Reproduce word for word the line holding "TERRACOTTA PENDANTS" and all lines after it in the data, through the end, leaving out pictures.

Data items
+===+
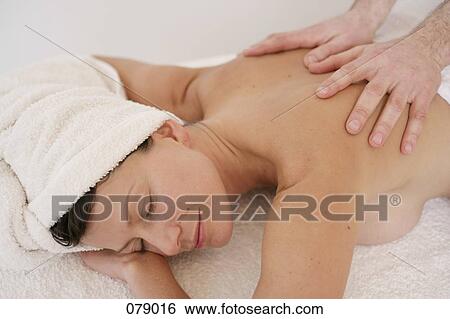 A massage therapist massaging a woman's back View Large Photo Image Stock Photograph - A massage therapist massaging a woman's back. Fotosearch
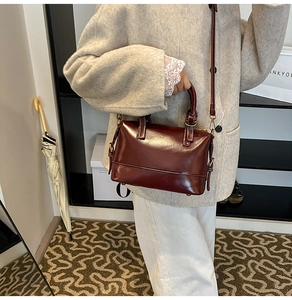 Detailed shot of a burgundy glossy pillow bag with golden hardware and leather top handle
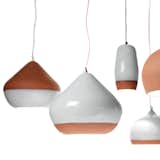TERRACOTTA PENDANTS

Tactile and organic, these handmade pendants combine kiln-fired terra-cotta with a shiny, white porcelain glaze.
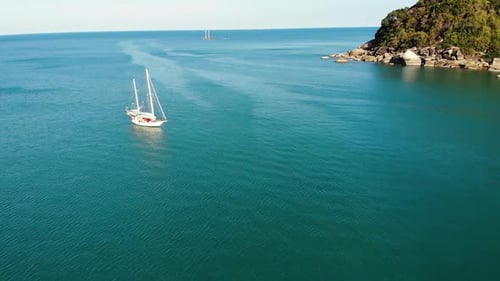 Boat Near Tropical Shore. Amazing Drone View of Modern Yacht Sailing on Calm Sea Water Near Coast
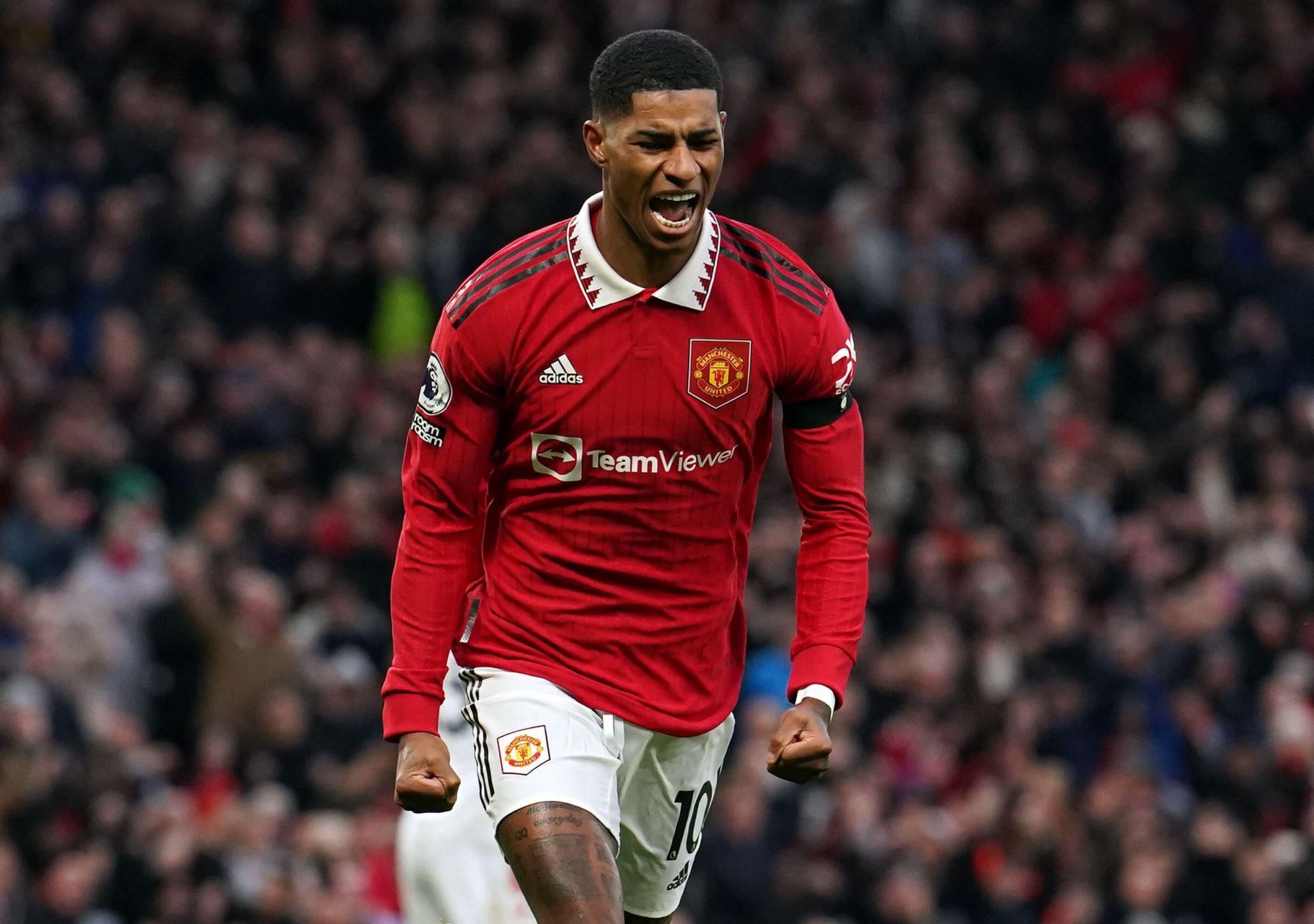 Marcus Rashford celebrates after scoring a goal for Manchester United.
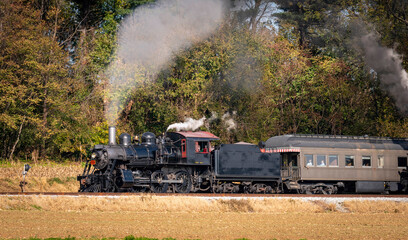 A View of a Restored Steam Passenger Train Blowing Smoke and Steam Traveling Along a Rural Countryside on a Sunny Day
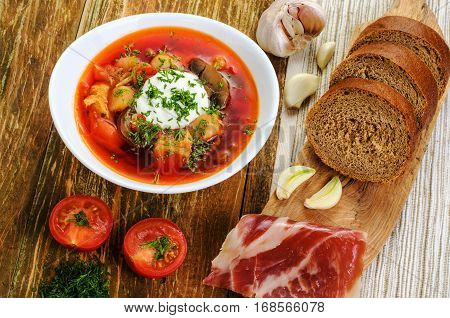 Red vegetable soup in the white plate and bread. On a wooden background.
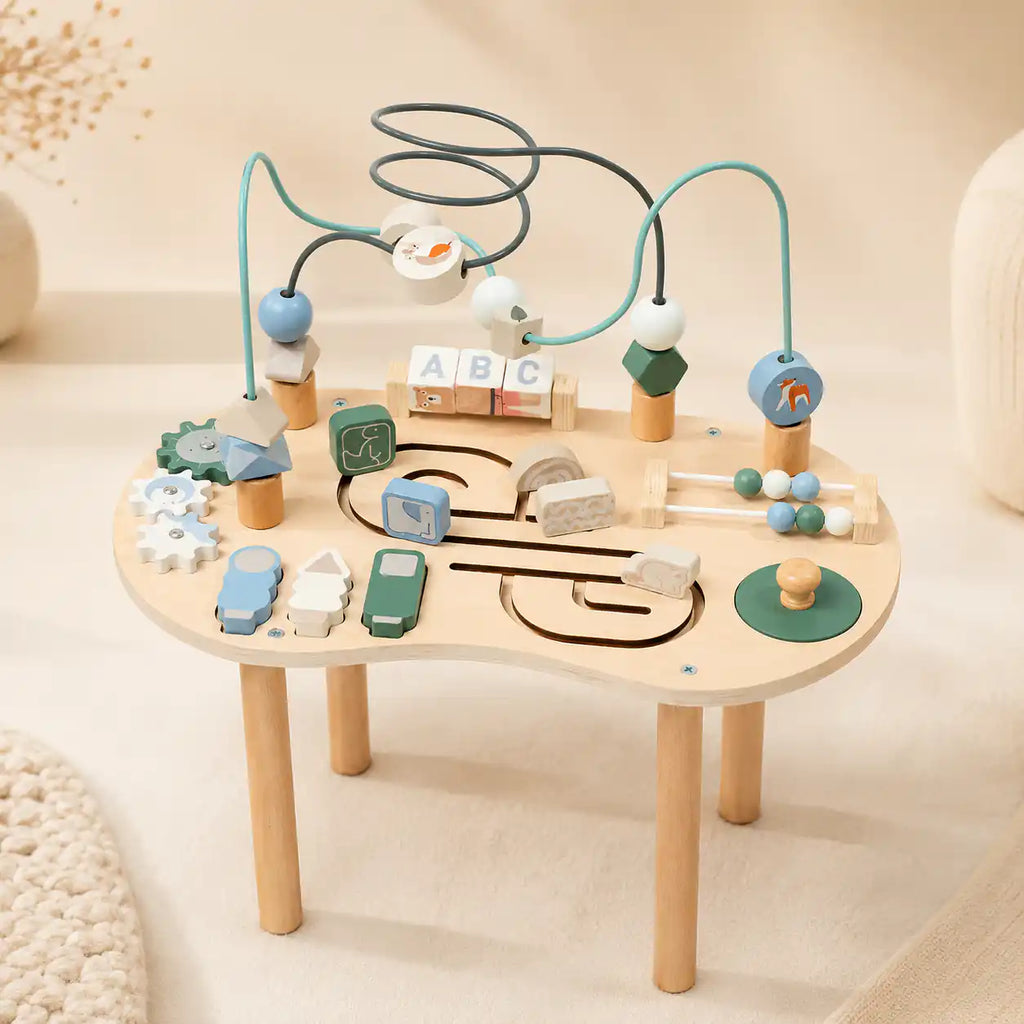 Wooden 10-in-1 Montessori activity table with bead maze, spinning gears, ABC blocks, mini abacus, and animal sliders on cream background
+===+
• [Answer box]
TERRACOTTA PENDANTS

Tactile and organic, these handmade pendants combine kiln-fired terra-cotta with a shiny, white porcelain glaze.
 Boat Near Tropical Shore. Amazing Drone View of Modern Yacht Sailing on Calm Sea Water Near Coast
 Marcus Rashford celebrates after scoring a goal for Manchester United.
 A View of a Restored Steam Passenger Train Blowing Smoke and Steam Traveling Along a Rural Countryside on a Sunny Day
 Red vegetable soup in the white plate and bread. On a wooden background.
 Wooden 10-in-1 Montessori activity table with bead maze, spinning gears, ABC blocks, mini abacus, and animal sliders on cream background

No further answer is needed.